Copy out each line of the data below in which "status" appears.

**DATA LISTING:**
_ _ _
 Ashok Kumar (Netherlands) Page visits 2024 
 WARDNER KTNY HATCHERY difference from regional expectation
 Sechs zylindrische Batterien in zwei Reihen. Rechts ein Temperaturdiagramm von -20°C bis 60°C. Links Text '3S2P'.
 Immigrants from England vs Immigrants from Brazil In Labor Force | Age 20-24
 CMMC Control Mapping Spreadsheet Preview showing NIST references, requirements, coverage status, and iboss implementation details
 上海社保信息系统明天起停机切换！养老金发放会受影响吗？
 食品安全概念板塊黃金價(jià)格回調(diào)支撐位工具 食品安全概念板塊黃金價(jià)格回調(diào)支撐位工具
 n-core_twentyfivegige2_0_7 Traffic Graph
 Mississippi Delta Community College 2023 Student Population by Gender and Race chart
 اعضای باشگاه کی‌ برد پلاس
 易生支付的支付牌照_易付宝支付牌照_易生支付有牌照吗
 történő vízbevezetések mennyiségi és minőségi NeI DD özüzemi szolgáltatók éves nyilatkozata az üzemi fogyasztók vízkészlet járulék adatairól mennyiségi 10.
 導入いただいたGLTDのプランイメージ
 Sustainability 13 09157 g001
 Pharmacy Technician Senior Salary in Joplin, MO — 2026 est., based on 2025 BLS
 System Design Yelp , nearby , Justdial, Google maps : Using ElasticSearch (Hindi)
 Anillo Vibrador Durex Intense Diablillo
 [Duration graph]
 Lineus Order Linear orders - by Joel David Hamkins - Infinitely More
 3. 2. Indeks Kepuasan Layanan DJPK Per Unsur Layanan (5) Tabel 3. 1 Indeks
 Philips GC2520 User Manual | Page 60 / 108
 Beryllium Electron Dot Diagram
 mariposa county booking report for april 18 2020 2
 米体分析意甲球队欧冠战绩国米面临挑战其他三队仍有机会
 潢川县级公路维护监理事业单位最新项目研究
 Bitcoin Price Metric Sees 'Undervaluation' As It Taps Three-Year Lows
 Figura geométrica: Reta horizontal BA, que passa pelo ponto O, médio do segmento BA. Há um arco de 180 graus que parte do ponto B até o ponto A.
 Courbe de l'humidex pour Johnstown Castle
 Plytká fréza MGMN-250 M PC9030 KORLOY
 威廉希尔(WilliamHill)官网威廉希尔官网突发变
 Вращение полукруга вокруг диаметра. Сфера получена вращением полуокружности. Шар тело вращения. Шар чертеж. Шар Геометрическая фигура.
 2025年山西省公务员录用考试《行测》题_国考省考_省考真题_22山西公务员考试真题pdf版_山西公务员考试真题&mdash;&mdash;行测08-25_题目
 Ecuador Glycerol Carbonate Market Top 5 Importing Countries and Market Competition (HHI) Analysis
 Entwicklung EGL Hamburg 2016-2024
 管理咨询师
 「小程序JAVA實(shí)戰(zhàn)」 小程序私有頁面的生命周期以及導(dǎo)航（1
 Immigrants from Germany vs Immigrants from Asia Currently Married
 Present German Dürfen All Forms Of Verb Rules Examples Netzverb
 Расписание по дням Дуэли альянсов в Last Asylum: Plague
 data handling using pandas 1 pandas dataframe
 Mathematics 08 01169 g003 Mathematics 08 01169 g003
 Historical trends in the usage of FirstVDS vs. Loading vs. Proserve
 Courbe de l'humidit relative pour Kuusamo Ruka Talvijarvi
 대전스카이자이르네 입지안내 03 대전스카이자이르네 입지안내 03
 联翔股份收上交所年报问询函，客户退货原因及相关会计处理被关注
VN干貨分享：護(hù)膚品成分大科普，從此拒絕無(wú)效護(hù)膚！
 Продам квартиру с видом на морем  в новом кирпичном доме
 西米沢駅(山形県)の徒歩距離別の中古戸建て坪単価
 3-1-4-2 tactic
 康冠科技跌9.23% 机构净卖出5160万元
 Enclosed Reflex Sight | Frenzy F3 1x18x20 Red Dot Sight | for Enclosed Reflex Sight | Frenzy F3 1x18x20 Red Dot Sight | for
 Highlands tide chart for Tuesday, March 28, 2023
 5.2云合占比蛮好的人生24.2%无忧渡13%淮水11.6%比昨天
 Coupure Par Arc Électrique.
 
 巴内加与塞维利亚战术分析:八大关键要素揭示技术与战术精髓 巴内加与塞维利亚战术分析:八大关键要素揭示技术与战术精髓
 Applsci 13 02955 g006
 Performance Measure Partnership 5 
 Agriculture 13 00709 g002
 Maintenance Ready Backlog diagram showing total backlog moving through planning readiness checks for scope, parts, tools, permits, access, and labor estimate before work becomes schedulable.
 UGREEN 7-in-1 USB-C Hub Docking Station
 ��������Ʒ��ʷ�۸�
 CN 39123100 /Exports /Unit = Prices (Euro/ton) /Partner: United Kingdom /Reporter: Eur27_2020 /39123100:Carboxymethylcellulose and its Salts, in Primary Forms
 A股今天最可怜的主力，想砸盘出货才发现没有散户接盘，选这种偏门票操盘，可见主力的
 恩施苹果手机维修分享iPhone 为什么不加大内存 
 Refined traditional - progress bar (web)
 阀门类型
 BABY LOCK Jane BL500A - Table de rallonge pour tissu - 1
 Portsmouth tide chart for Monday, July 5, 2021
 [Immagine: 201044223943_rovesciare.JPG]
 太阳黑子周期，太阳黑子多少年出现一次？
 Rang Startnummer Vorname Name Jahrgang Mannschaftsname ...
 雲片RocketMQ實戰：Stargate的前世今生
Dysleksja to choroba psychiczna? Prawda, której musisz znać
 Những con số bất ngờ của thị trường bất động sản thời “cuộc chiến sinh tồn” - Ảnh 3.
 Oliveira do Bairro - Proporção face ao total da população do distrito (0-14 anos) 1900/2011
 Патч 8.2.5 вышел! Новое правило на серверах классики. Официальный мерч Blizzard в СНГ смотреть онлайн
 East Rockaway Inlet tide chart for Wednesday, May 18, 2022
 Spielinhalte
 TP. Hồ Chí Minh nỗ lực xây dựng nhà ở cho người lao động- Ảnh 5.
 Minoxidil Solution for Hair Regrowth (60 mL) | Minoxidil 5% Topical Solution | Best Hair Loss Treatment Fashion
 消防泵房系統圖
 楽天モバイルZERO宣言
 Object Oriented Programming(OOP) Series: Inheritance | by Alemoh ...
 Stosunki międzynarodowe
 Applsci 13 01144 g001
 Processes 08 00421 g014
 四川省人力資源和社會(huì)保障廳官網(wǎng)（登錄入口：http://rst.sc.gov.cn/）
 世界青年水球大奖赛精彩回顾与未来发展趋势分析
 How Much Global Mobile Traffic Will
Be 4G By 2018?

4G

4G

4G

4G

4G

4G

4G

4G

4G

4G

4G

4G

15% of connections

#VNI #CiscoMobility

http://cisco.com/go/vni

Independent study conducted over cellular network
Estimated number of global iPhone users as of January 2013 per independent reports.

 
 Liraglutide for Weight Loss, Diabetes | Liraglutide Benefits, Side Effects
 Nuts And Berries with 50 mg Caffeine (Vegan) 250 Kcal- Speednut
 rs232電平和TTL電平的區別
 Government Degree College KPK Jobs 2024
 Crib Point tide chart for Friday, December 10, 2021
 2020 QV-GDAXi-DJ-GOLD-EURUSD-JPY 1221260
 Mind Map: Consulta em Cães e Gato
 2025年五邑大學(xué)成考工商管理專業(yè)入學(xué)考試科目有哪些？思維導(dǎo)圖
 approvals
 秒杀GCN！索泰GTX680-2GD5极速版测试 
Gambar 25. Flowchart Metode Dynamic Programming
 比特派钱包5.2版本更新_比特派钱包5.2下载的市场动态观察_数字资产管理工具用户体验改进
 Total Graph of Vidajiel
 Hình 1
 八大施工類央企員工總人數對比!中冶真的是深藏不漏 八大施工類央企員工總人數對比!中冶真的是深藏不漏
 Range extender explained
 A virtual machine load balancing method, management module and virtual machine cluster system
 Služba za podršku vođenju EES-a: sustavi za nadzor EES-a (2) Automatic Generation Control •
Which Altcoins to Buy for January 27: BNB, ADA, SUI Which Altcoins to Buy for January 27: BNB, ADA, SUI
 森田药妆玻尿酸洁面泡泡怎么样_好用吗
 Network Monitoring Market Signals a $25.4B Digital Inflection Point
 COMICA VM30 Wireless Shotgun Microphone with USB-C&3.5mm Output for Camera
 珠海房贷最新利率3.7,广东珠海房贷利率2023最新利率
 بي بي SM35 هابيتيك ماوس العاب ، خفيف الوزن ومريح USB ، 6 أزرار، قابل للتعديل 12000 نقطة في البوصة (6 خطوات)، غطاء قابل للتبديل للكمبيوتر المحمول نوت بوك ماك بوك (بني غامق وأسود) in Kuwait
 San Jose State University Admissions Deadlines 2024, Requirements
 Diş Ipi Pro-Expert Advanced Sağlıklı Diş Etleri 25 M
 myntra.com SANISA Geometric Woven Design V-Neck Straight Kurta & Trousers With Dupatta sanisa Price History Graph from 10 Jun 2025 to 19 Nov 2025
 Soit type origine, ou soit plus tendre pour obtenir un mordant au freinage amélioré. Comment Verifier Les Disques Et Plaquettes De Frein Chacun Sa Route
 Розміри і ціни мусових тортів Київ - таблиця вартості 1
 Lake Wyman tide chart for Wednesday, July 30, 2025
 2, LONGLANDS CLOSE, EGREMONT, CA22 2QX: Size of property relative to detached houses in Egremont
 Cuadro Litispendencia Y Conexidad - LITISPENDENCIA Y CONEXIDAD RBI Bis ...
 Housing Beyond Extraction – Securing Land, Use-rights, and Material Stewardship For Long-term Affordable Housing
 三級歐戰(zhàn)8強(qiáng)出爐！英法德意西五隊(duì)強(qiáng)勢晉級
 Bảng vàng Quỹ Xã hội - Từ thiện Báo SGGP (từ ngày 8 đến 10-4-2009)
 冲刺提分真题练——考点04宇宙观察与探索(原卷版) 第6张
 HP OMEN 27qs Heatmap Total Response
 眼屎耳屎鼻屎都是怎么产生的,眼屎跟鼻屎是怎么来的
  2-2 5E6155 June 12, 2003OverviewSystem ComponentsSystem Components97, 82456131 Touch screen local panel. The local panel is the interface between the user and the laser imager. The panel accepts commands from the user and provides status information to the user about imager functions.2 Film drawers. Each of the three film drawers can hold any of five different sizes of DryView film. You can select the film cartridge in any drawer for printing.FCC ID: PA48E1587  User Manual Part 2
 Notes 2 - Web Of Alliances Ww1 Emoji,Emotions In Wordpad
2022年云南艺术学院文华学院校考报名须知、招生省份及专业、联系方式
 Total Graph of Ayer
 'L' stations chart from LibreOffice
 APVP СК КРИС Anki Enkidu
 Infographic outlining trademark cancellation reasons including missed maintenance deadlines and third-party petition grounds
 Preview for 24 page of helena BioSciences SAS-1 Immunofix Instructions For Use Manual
_ _ _
**RESPONSE BOX:**
 CMMC Control Mapping Spreadsheet Preview showing NIST references, requirements, coverage status, and iboss implementation details
  2-2 5E6155 June 12, 2003OverviewSystem ComponentsSystem Components97, 82456131 Touch screen local panel. The local panel is the interface between the user and the laser imager. The panel accepts commands from the user and provides status information to the user about imager functions.2 Film drawers. Each of the three film drawers can hold any of five different sizes of DryView film. You can select the film cartridge in any drawer for printing.FCC ID: PA48E1587  User Manual Part 2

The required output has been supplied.